Wanted to take a minute to address people’s concerns around the model input parameters and the magnitude of the risk. All of magnitude numbers are regressed from the original standard model runs so I’ll try and tackle peoples concerns around it potentially being too conservative first. Basically here are my thoughts.
This number doesn’t seem that off to me honestly. Probably the number I take least issue with. For instance ETH-A auction 134 recently sold for 440.25 dai/eth. Compare that to the OSM price at the time (468 dai/eth) and the 10% discount the model assumes and you’ll notice the percentages there aren’t far off. Granted I’m cherry picking an example here and do i think the average discount is a bit lower than this, but i don’t think this is an unreasonable estimate.
Looking at the daily candles we have seen so far i don’t particularly take issue with the severity of the jumps used in the model. The probabilities on the other hand might be off. I would have loved to see some more experimentation with those input variables. For context, the model has a few high severity jumps that it tests to determine average loss and VaR. Looks like for the 175% LR @ 7MM DC we used 15% drops, 30% drop, and 60% drop. Well we have already seen a single day drop of 15% for YFI on Oct 29. The 30% drop is yet unprecedented but we have seen multiple 24%+ gains for YFI so assuming that there are equal magnitude losses ahead does not seem that odd to me. 60% seems feasible but idk that i buy there is a ~28% chance of that happening in the next year, so admittedly i would say the model is being a bit conservative there.
The model that the risk team used tries to take this into account and project losses. The number they use here is potentially a bit questionable though. I believe that should be accounted for by the sigma parameter in the sheet i linked above. That is probably the standard deviation that they used to generate the random walk of YFI’s price. My issue is that i can’t make any sense of the value 2.2 that they used. Is that dollars change? Is it percent change? Would love more context here.
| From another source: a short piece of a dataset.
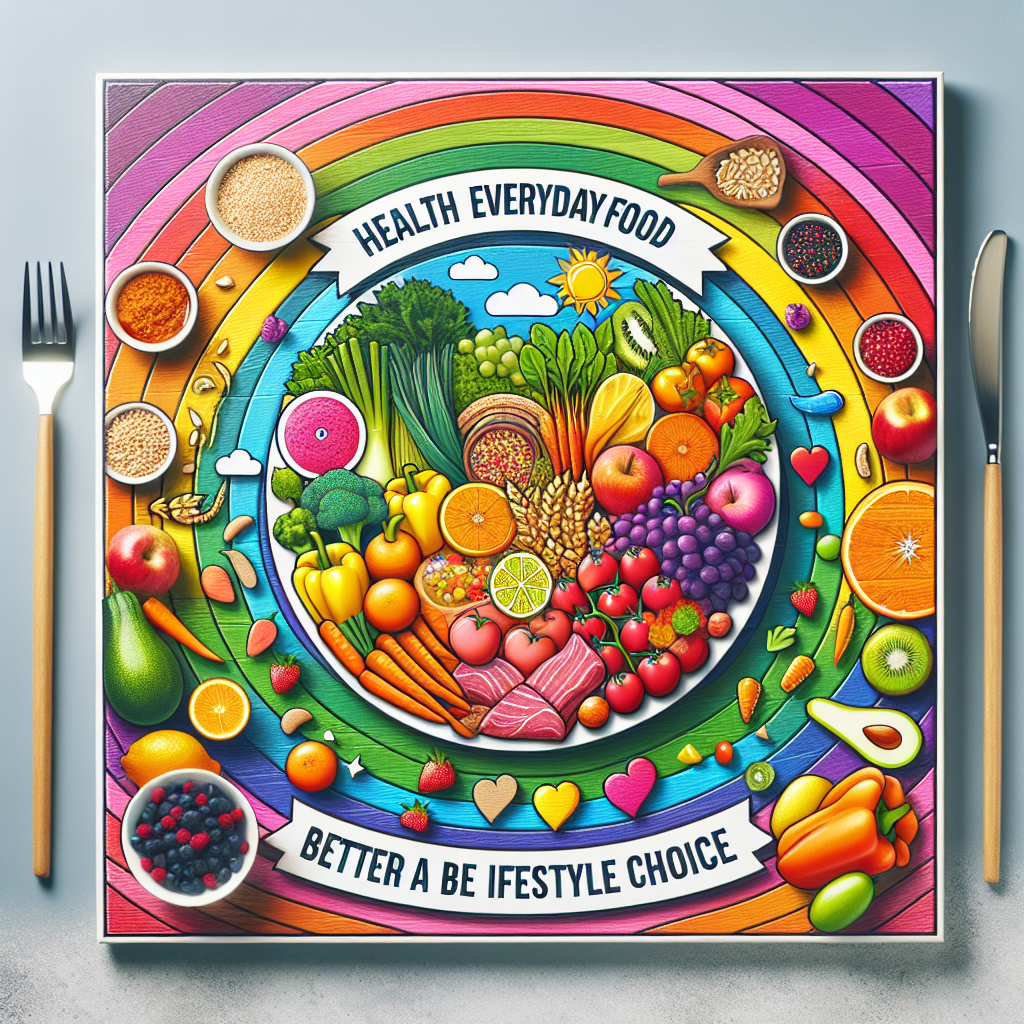 Ragam Menu Makanan Sehat Sehari-hari untuk Gaya Hidup Lebih Baik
I guess what i want people to take away from this is that although there are some questionable inputs to our original risk estimate most of the inputs in there seem within the realm of possibility, and as such is probably the best framework we have for understanding how much extra risk the protocol is taking on with this debt ceiling increase.
Ok so getting to magnitude here. I put together a little linear regression model to make a bit more sense of the numbers that our risk model spit out and potentially project what our VaR is going to be.
There are only 4 data points though so the f significance (22%) here is lower than you would typically hope for, but i think it is useful to gain a bit of insight on what we are talking about in terms of magnitude of our VaR and what we would need to set the LR to in order to make the VaR work with the current stability buffer ceiling.
Based on that regression am seeing i think my original estimate of a VaR of $5MM might be a bit of a low ball estimate. From my regression model i think we may be talking about more like $8MM VaR @ $20MM DC. Just solving for LR i think we need to change the LR to be > 299%, so that is probably not doable bc it would liquidate peoples vaults. Based on that, I think what i would recommend is increasing the LR about 2500 bps (would need to look into the vaults more to see how feasible that would be) AND increase the stability buffer by around $3M.
If you look at what @Primoz was saying here about heuristics concerning stability buffer and volatile debt he states that ideally we would have at least 1% of the volatile debt in the stability buffer. $7M would put us pretty close to that at 1.3%, and @ a 200% LR it would be enough to cover what I’m projecting the VaR to be.